Yes, love the Gem SE. Maybe the best shavers out there short of straight edged.
   
  Hoffritz Slant is right there with it, though it takes a touch more care.
   
  KP


----------



## scuttle

Quote: 





proton007 said:


> I feel single edged razors cut better because they don't have a blade behind to irritate the skin. The feeling of it gliding is completely different in comparison to double/triple edged cartridges.


 
   
  In the context of the post you were replying, a "double edge" probably means what you think of as "single" - i.e. one blade edge on one side, one on the other. Not a cartridge.
   
  Re. the slants that post was about, I use a Merkur Slant (short handle, with Persona Lab prep blades - about as sharp as Feathers but much more consistent and smoother) and wouldn't use anything else now. They're not nearly as difficult as some people like to claim, and if you don't like a Slant it will easily re-sell on ebay.


----------



## LFF

I guess I'll have to give the SE's a try.
   
  I have three Gem SE's that have just been sitting there...all in mint condition. Never once tried them.


----------



## sharkz

Yeah, I might need to look into Slants eventually. I have some Lab Prep blades, but never really saw what all the fuss was about with them. They were more or less on par with the Shark Chromes that I usually use (and have like 85+ of). 
   
  Another thing the GEM has really made me take notice of too is how much I like the short handle and heavy weight. Neither of my DEs weight that much (Lord has an aluminum handle and the Knack has a plastic handle) and both have fairly long handles I do really like the control the short handle gives me and the difference in weight is definitely noticeable (whether or not this factor helps could be debatable).
   
  There is also the fact that there are many less SE blade choices (realistically 3-4 different ones), which doesn't make me feel like I need to try something different. I found a locally available blade that I can get much cheaper in bulk rates and I feel no need to change any variables there. It leaves me more freedom to play with my other variables (soaps/creams/brushes) of which there are more than enough combinations.


----------



## tool462

Quote: 





lff said:


> I guess I'll have to give the SE's a try.
> 
> I have three Gem SE's that have just been sitting there...all in mint condition. Never once tried them.


 
   
  I went from Gem SE to Dovo Full Hollow straight to Gillette Superspeed DE (current) and will say that you'll probably be back to DE or straight after awhile.  Blades are much more costly and to me, they are all inferior to mid-range DE blades.  At least the ones I tried were.
   
  If my beard gets long I always use straight blade, or if I shower in the evening, usually I shower in the morning after fasted cardio so I stick with DE for speed.


----------



## TheKillerPiglet

I used the Pella blades in the Gem's, very close shave.
   
  KP


----------



## sharkz

Quote: 





lff said:


> I guess I'll have to give the SE's a try.
> 
> I have three Gem SE's that have just been sitting there...all in mint condition.

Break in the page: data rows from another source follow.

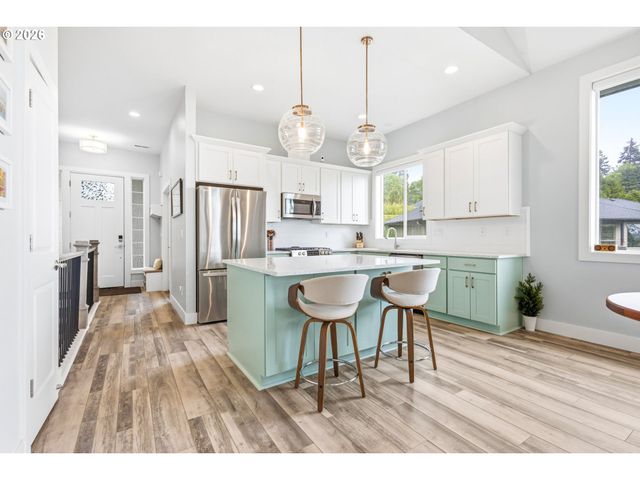 1372 OVERVIEW St, Salem, OR 97304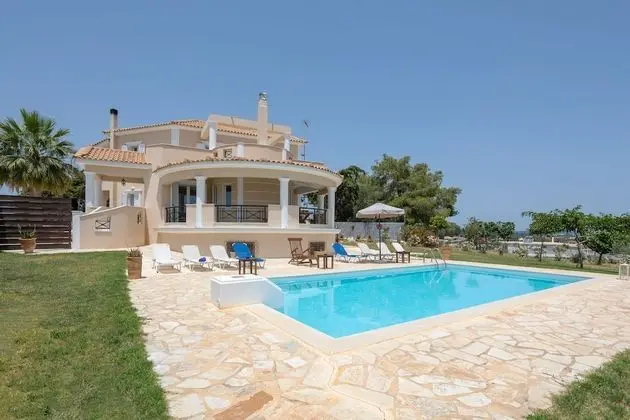 Villa, 4 Yatak Odası, Şömine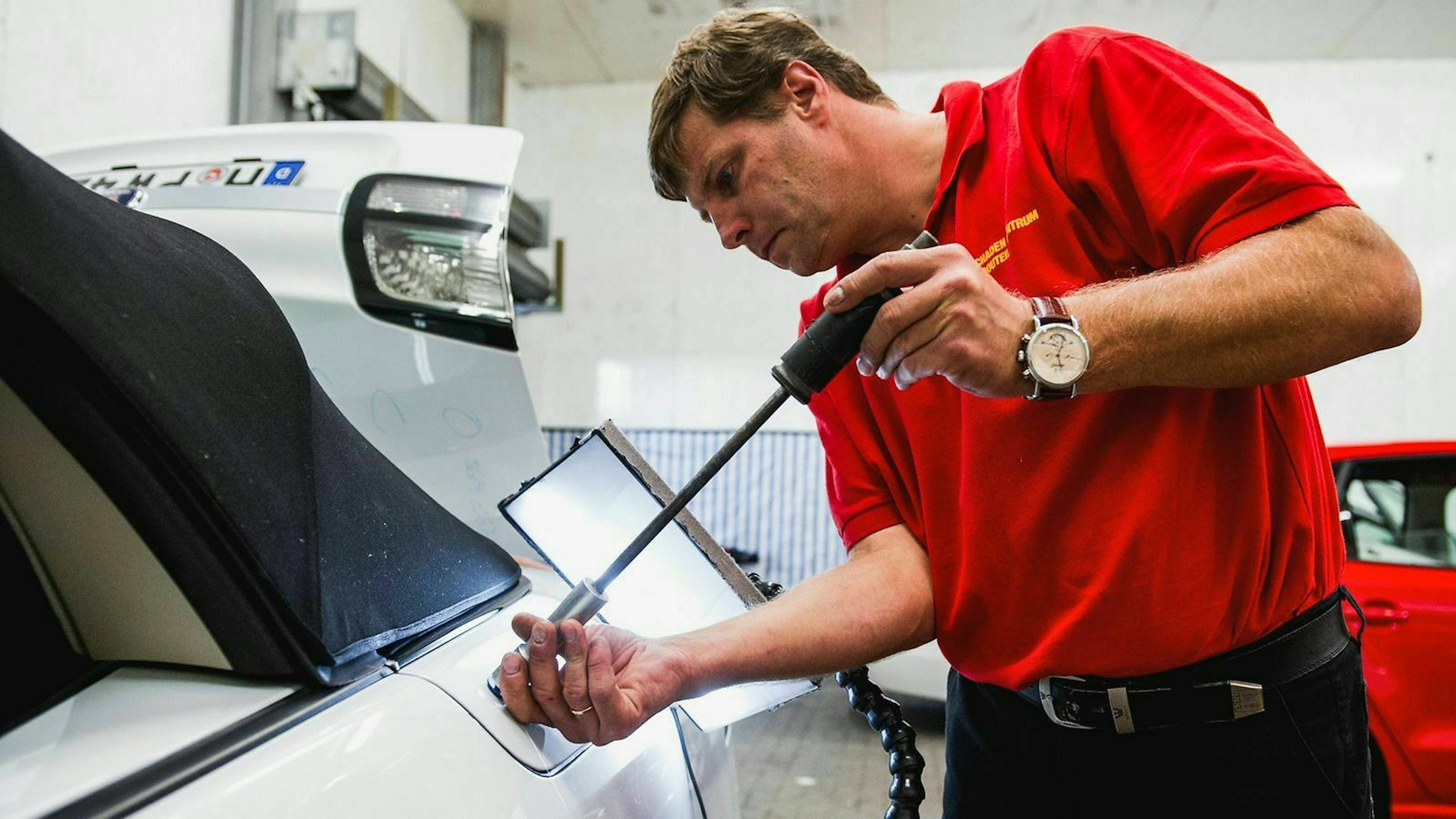 In einem zweiten Schritt werden die Dellen in Detailarbeit ausgebessert. 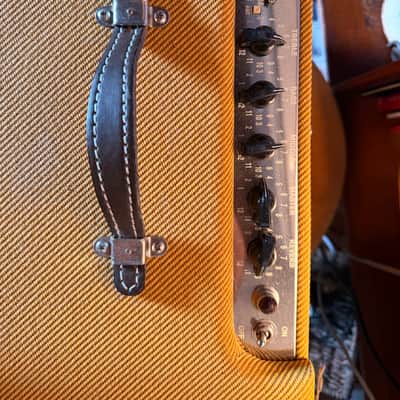 Fender Blues Deluxe Reissue 2-Channel 40-Watt 1x12" Guitar Combo 2005 - Present - Tweed image 3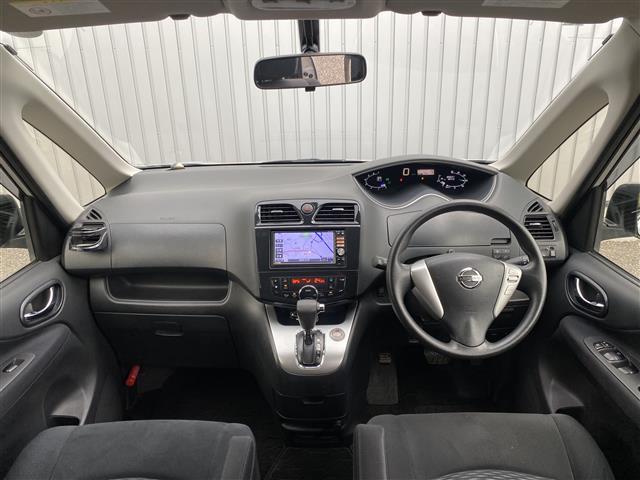 セレナ ２０Ｘ　Ｓ－ハイブリッド　純正ＳＤナビ　フルセグ／ＣＤ／ＤＶＤ／Ｂｌｕｅｔｏｏｔｈ／ＳＤ／ＵＳＢ　バックカメラ　左パワースライドドア　ＨＩＤヘッドライト（9枚目）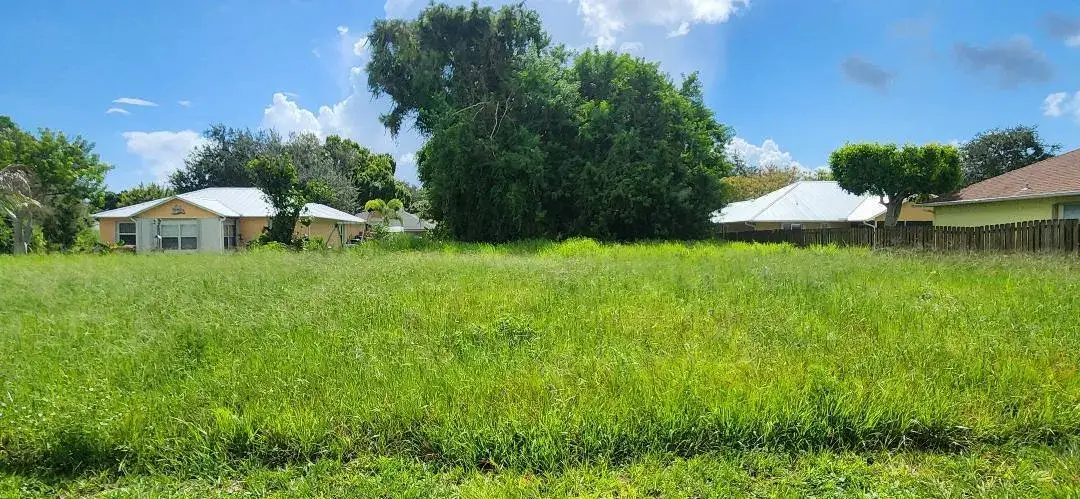 8247 SANDPINE Circle, Port St. Lucie FL 34952
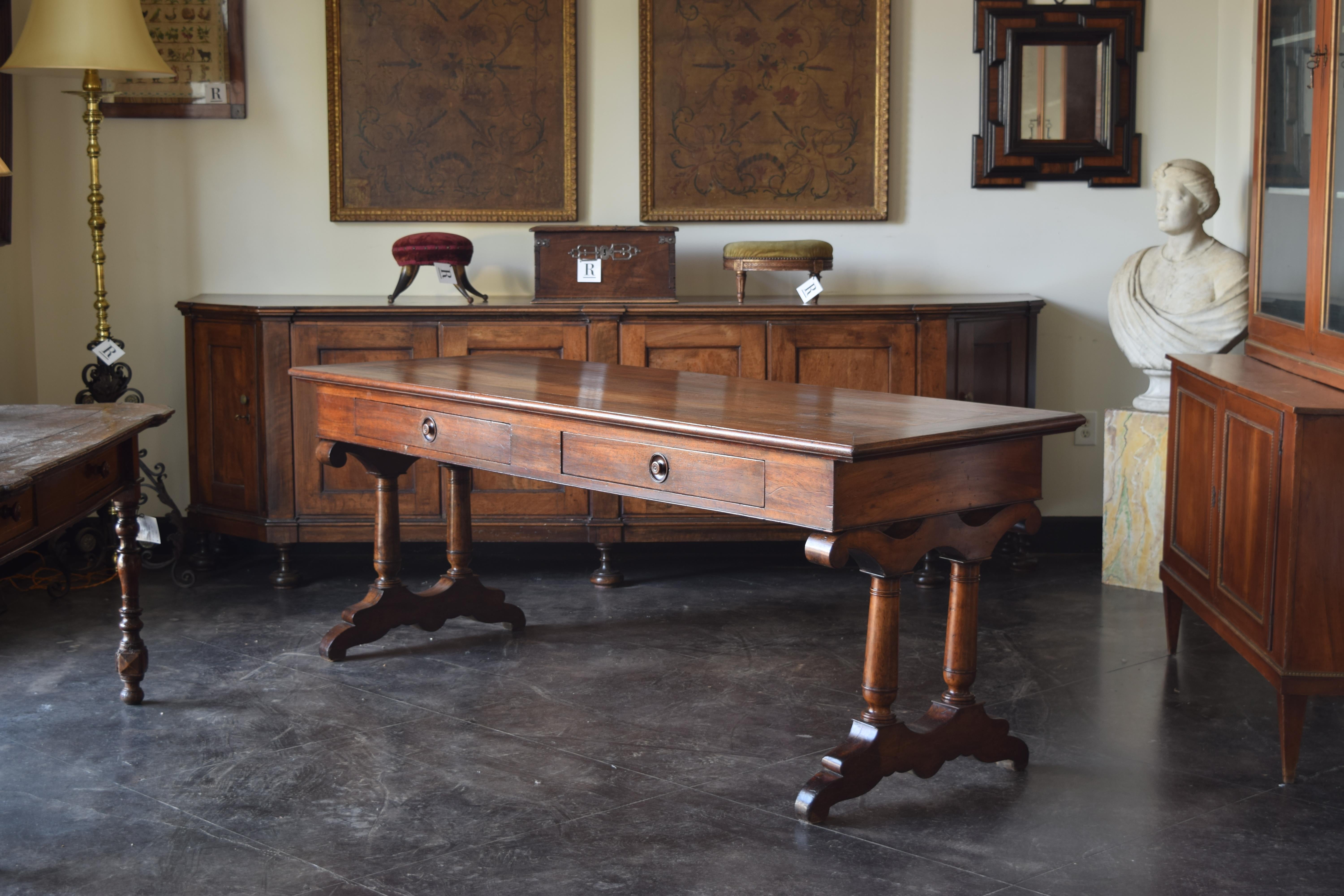 Louis-Philippe Français, Lyon, époque Louis Philippe Table de Drapier à 4 tiroirs en noyer, vers 1830 en vente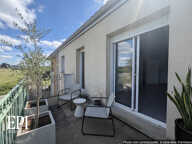 CARCASSONNE   T3 lumineux avec balcon, vue dégagée et 2 park — photo 2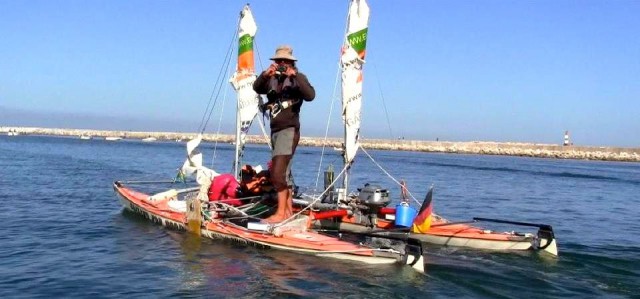 Das Abenteuer geht weiter. Portugiesen helfen Andreas Gabriel mit neuem Motor. © AG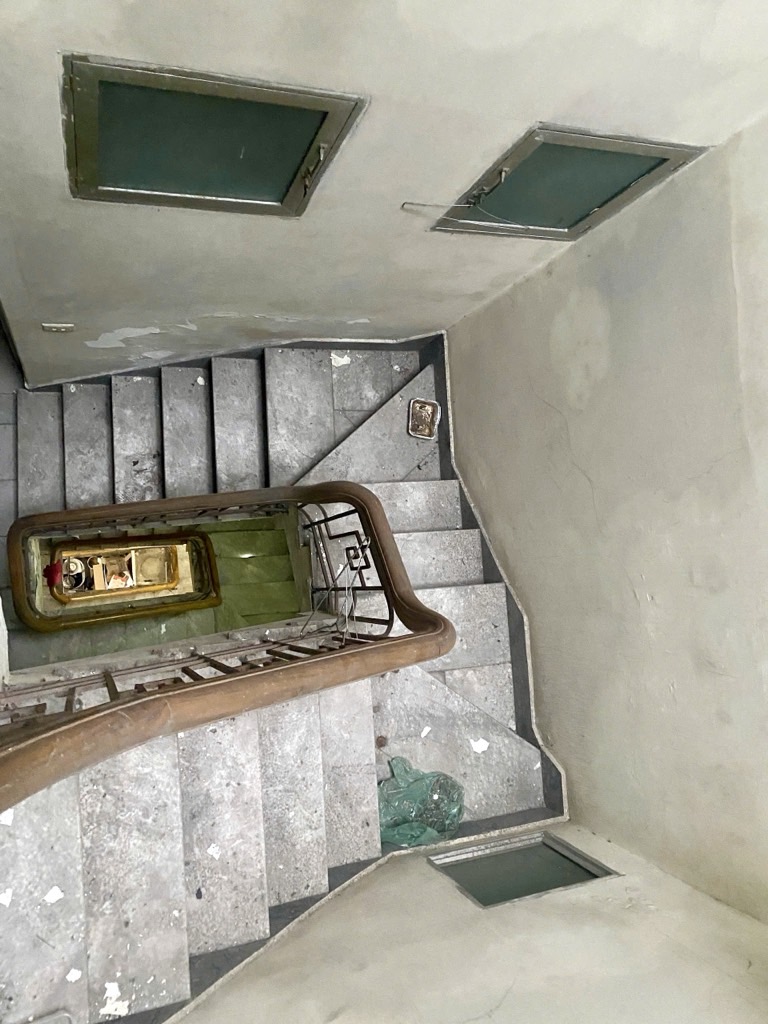 Bán nhà Thái Thịnh - diện tích 46.5m2 4 tầng - Mặt phố kinh doanh sầm uất - giá 23,3 tỷ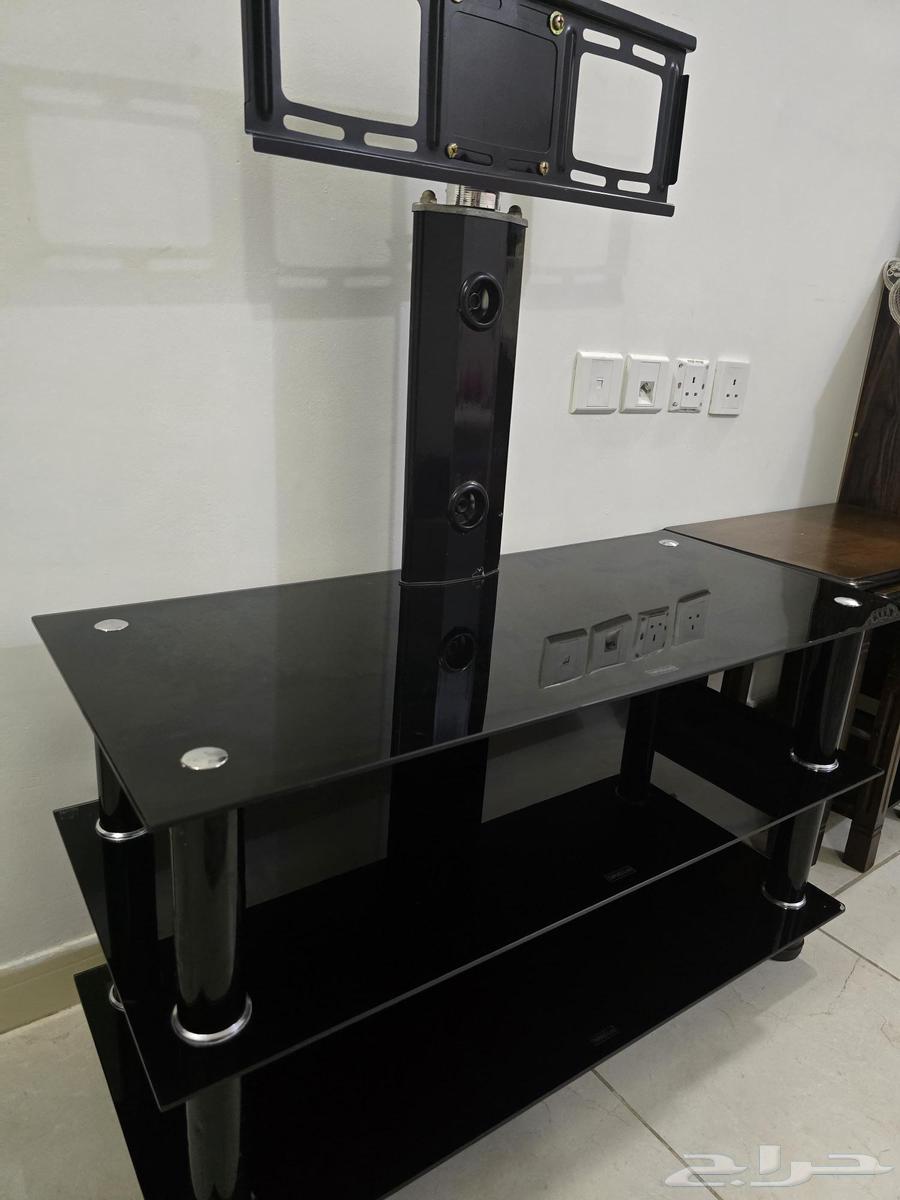طاولة تلفزيون للبيع ب 100قابل للتفاوض64592323131905112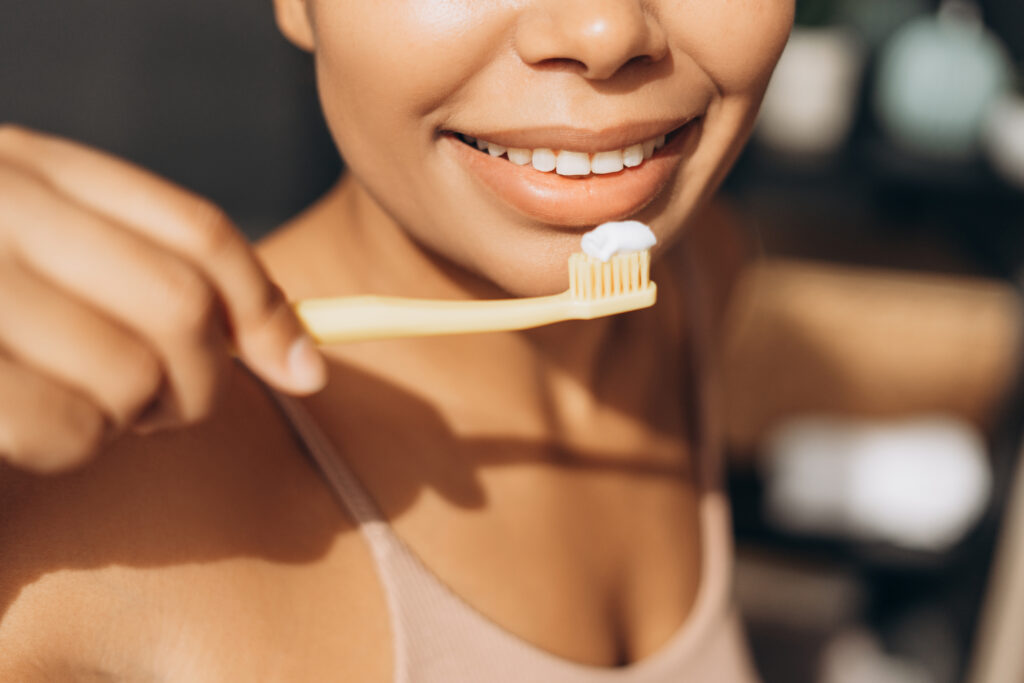 Natural Ways to Support Oral Health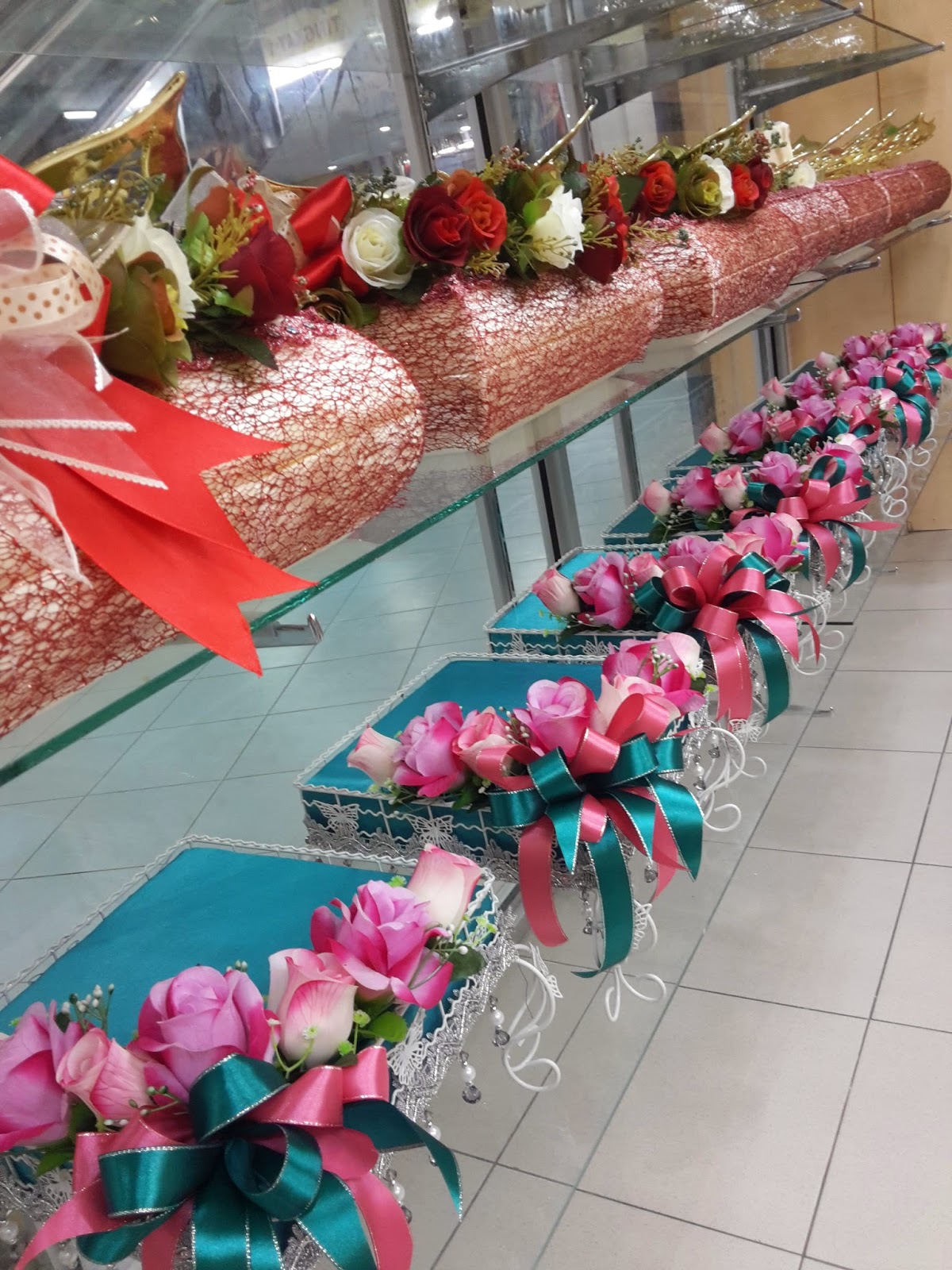 KOLEKSI GUBAHAN HANTARAN Dulang Hantaran untuk disewa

Never once tried them.


 
  You have the razors, the blades are easy to find, you have no excuses not to try. 
	

	
	
		
		

		
			




   
  Quote: 





tool462 said:


> I went from Gem SE to Dovo Full Hollow straight to Gillette Superspeed DE (current) and will say that you'll probably be back to DE or straight after awhile.  Blades are much more costly and to me, they are all inferior to mid-range DE blades.  At least the ones I tried were.
> 
> If my beard gets long I always use straight blade, or if I shower in the evening, usually I shower in the morning after fasted cardio so I stick with DE for speed.


 
  So I paid $18 or so for 100 Shark Chrome blades. I can get a 40 pack of GEM SS blades from Amazon for $15 (not really shopping around, that's the first bulk deal I saw). Considering that even though I am paying around double for the SE blades (.18 vs .38), the difference is so small in the scheme of things, I don't really care. Plus SE blades are supposed to last much longer. I usually get 4-5 shaves from a Shark, if I can get double that from a GEM, I am balancing the playing field.
   
  Now I doubt I will be straight razor shaving anytime soon. I am a chronically shakey person, so that might not be the best thing I can do safety wise.


----------



## LFF

Quote: 





sharkz said:


> You have the razors, the blades are easy to find, you have no excuses not to try.


 
  Indeed!
   
  I will order some blades sometime this week.


----------



## sharkz

Should be no need to even order them. For a trial, I would just venture to the local CVS/Walgreens/whatever you west coast fellas have and pick up a $10 pack for around $5-$6. My preference would run to Walgreens if you have them since they are Stainless Steel and supposedly coated.

 Eventually after I get more comfortable, I will have to see if I can procure a few Ted Pella coated blades to see if I can actually determine a difference.


----------



## scuttle

Quote: 





sharkz said:


> Now I doubt I will be straight razor shaving anytime soon. I am a chronically shakey person, so that might not be the best thing I can do safety wise.


 
   
  They're so much hassle to keep sharp. I'm ok with sharpening kitchen knives, but getting a straight razor shaving sharp reads like quite a procedure - even if I do think that some of the some more expensive multiple sharpening stones used are ott and could replaced by cheaper alternatives.


----------



## Pudu

Maybe, but there is something about stropping that is immensely satisfying. 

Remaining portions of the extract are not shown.